Über die Straße geht es auf dem Weg der Gedichte hinein in die Weinberge, vorbei an Weiden, die vor Bienen summen. Im Westen ragen aus den dunklen Hügeln des Pfälzerwalds das Hambacher Schloss, die Kropsburg und die Villa Ludwigshöhe. Eine beeindruckende Kulisse für einen poetischen Spaziergang. Zehn Stelen führen durch den Weinberg, zehn verschiedene Gedichte mit zehn verschiedenen Stimmungen.

„Wir hatten zunächst Befürchtungen, dass die Tafeln zerstört werden könnten“, erzählt Thill. Doch das sei nicht der Fall. Im Gegenteil. „Manchmal werden an den Stelen weitere Gedichte angeheftet, wie eine Erwiderung.“ Und ja, manchmal passiere es eben auch, dass ein Winzer beim Zurücksetzen eine Stele rammt. Aber das sei hier eben auch ein Arbeitsort. Der Weinbau wird oft aufgegriffen in den Gedichten, ebenso wie die Landschaft, Mandelbäume und Hagebutte, aber auch die Spracharbeit und das Übersetzen – der Trauben in Wein und der französischen Silben in deutsche Poesie.

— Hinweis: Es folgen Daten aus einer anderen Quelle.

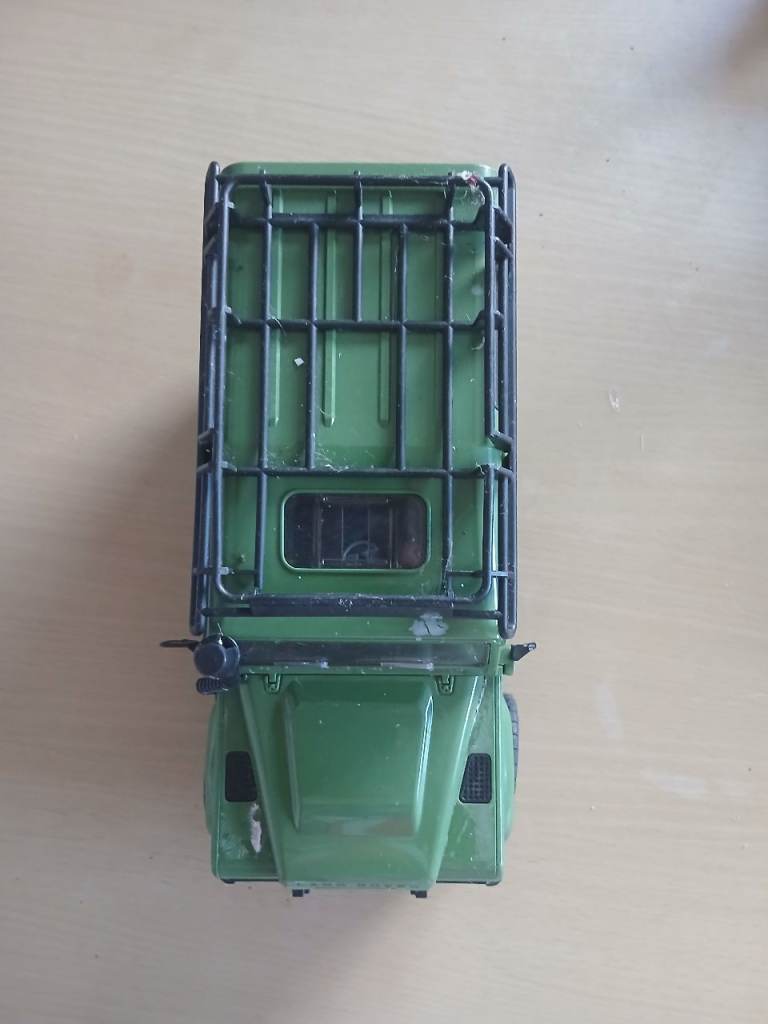 Oxford Diecast Land Rover Defender Scale Model Car Tow – Green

Oft greifen die Gedichte Gefühle und Stimmungen auf oder lassen Szenen lebendig werden, die vielleicht einmal hier gespielt haben. Wenn Walter Helmut Fritz über steife Rücken, klamme Finger und kalten Füße schreibt oder ein „Lachen, das einem Lachen antwortet“ – sieht man die Menschen bei der Weinlese fast vor sich. Und in Brigitte Struzyks Gedicht, unter einem knorzigen alten Birnbaum mit direktem Blick auf Rebstöcke, werden die Betrachter Teil des Gedichts. Denn wie im Gedicht gehen auch sie gerade durch den Weinberg, dort wo die Birnen am Wegrand liegen. Oder zumindest gerade der Baum zu blühen beginnt.

„Viele denken ja, dass unter Dichtern ein großer Konkurrenzkampf herrscht. Aber dem ist nicht so – erst recht nicht in Edenkoben“, sagt Thill. Denn hier in der Pfalz begegne man sich anders als im sonstigen Literaturbetrieb. „Diese Ländlichkeit – die erleichtert und entspannt.“ Ein Ort, an den es auch die Literatur-Nobelpreisträgerin Herta Müller oder die Dramatikerin Theresia Walser zieht. Viele Bücher wurden hier begonnen oder abgeschlossen. Und auch wenn kein Stipendiat am Ende nachweisen muss, wie produktiv er in seiner Zeit in Edenkoben war, glaubt Thill, dass sie viele Künstler vorwärts gebracht hat. „Als Lyriker wird man überall entmutigt. Die Verleger sagen: ‚Schön, aber bitte nicht bei mir!‘ und auch auf der Buchmesse heißt es nur: ‚Machs nicht!‘ Wir sagen: ‚Machs!‘ und schaffen die Rahmenbedingungen, dass es klappt.“ Ein Ermutigungsort. Ein kleines Eden für Dichter.